Cash used by investing activities was lower in the first nine months of
fiscal 1996 than the same period of 1995 reflecting lower capital
expenditures primarily at Famous Footwear due to opening fewer stores in
1996 than in 1995.
During the third quarter 1996, the Company issued $100 million of 9-1/2% Senior
Notes due 2006. As a result of this financing, the Company elected to
reduce the lenders' commitment under its revolving Bank Credit Agreement to
$150 million from $200 million in October 1996. The Company also
repurchased $5 million of its long-term debt in October 1996.
The increase in the ratio of total debt as a percentage of total
capitalization at November 2, 1996, compared to the end of fiscal 1995, is
due primarily to the Corporation's additional borrowings to finance higher
inventories. At November 2, 1996, $42 million was borrowed under the
Corporation's $150 million Bank Credit Agreement.
The increase in the ratio of long-term debt as a percentage of total
capitalization at November 2, 1996, compared to the end of fiscal 1995, is
due to the issuance of $100 million of Senior Notes in October 1996, the net
proceeds of which were used to reduce the amount outstanding under the
Company's Bank Credit Agreement.
<PAGE>
PART II - OTHER INFORMATION
Item 1 - Legal Proceedings
---------------------------
There have been no material developments during the quarter ended
November 2, 1996, in the legal proceedings described in the
Corporation's Form 10-K for the period ended February 3, 1996.

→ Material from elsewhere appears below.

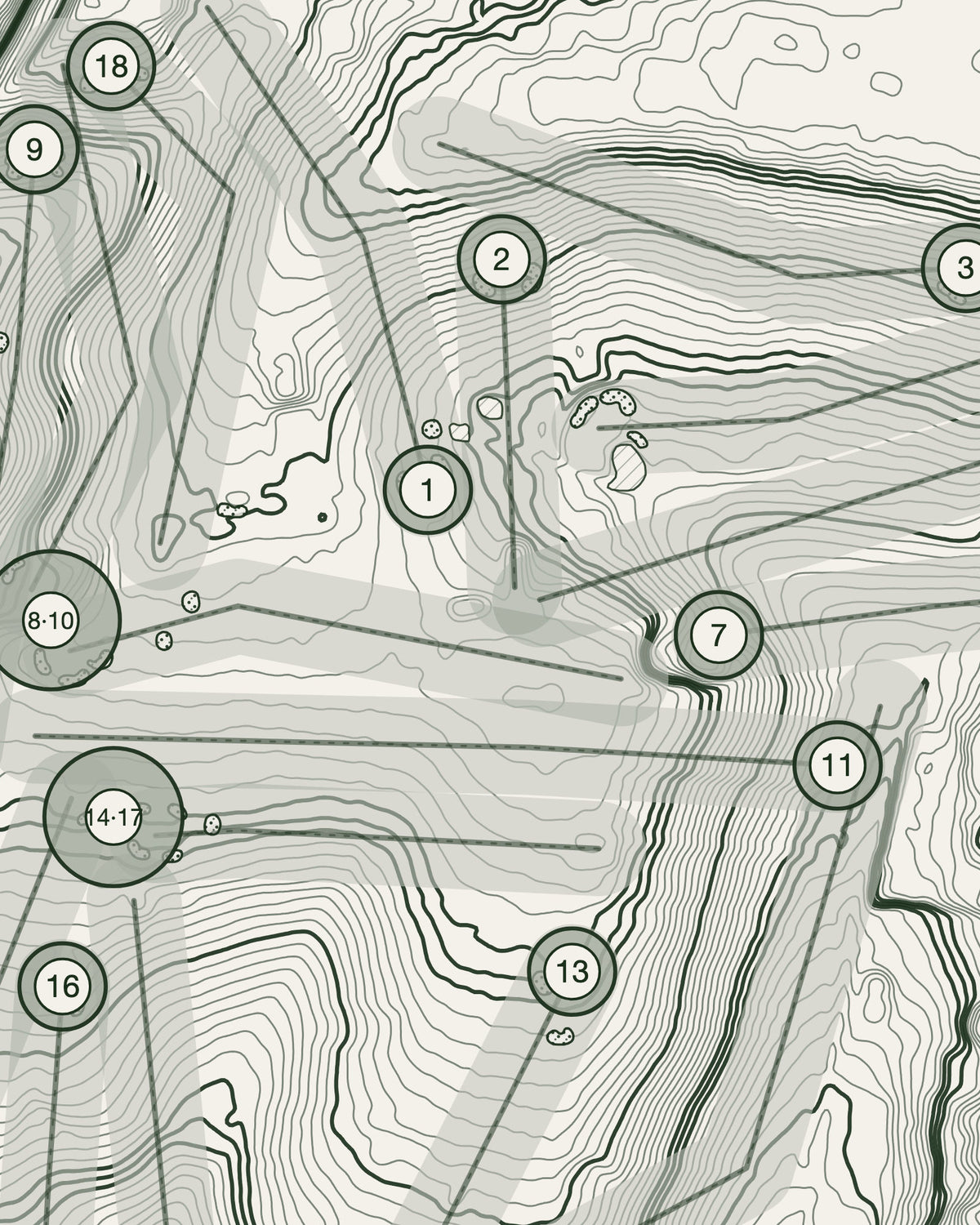 Mickleover, Derbyshire print, contour detail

Item 6 - Exhibits and Reports on Form 8-K
-----------------------------------------
(a) Listing of Exhibits
(3) (i) (a) Certificate of Incorporation of the
Corporation as amended through
February 16, 1984, incorporated
herein by reference to Exhibit 3 to
the Corporation's Report on Form
10-K for the fiscal year ended November
1, 1986.
(i) (b) Amendment of Certificate of
Incorporation of the Corporation
filed February 20, 1987,
incorporated herein by reference to
Exhibit 3 to the Corporation's
Report on Form 10-K for the fiscal
year ended January 30, 1988.
(i) (c) Certificate of Amendment of the
Certificate of Incorporation of the
Corporation, filed June 2, 1988,
filed herewith (page 13)
(ii) Bylaws of the Corporation as amended
through May 23, 1996, incorporated
herein by reference to Exhibit 3(ii)
to the Corporation's Report on Form
10-Q for the quarter ended May 4,
1996.
(11) Computation of Earnings Per Share
(page 15)
(27) Financial Data Schedule (page 16)
(b) Reports on Form 8-K:
The Corporation filed a current report on Form 8-K dated
September 27, 1996, in response to Item 5, which announced
its results for the four weeks ended August 31, 1996 and
August 26, 1995, and for the seven months ended August 31,
1996 and August 26, 1995.
The Corporation filed a current report on Form 8-K dated
October 2, 1996, in response to Item 5, announcing its
intention to sell $100 million in 9-1/2% senior notes.
<PAGE>
The Corporation filed a current report on Form 8-K dated
October 21, 1996, in response to Item 2, announcing the
completion of the sale of $100 million of its 9-1/2% Senior
Notes due 2006.
The Corporation filed a current report on Form 8-K dated
November 19, 1996, in response to Item 5, which announced
its results for the quarter ended November 2, 1996, and for
the nine months ended November 2, 1996.
Pursuant to the requirements of the Securities Exchange Act of 1934, the
Registrant has duly caused this report to be signed on its behalf by the
undersigned thereunto duly authorized.
BROWN GROUP, INC.
Date: December 11, 1996 /s/ Harry E. Rich
-------------------------------
Executive Vice President
and Chief Financial Officer and
On Behalf of the Corporation as
the Principal Financial Officer
<PAGE>
EXHIBIT (3)(i)(c)
CERTIFICATE OF AMENDMENT
OF THE CERTIFICATE OF INCORPORATION
OF
BROWN GROUP, INC.
-----------
UNDER SECTION 805 OF THE BUSINESS CORPORATION LAW
* * * *
WE, THE UNDERSIGNED, R. L. Anderson and Robert D. Pickle, being,
respectively, the President and the Vice President, General Counsel and
Corporate Secretary of Brown Group, Inc., hereby certify:
1. The name of the Corporation is Brown Group, Inc.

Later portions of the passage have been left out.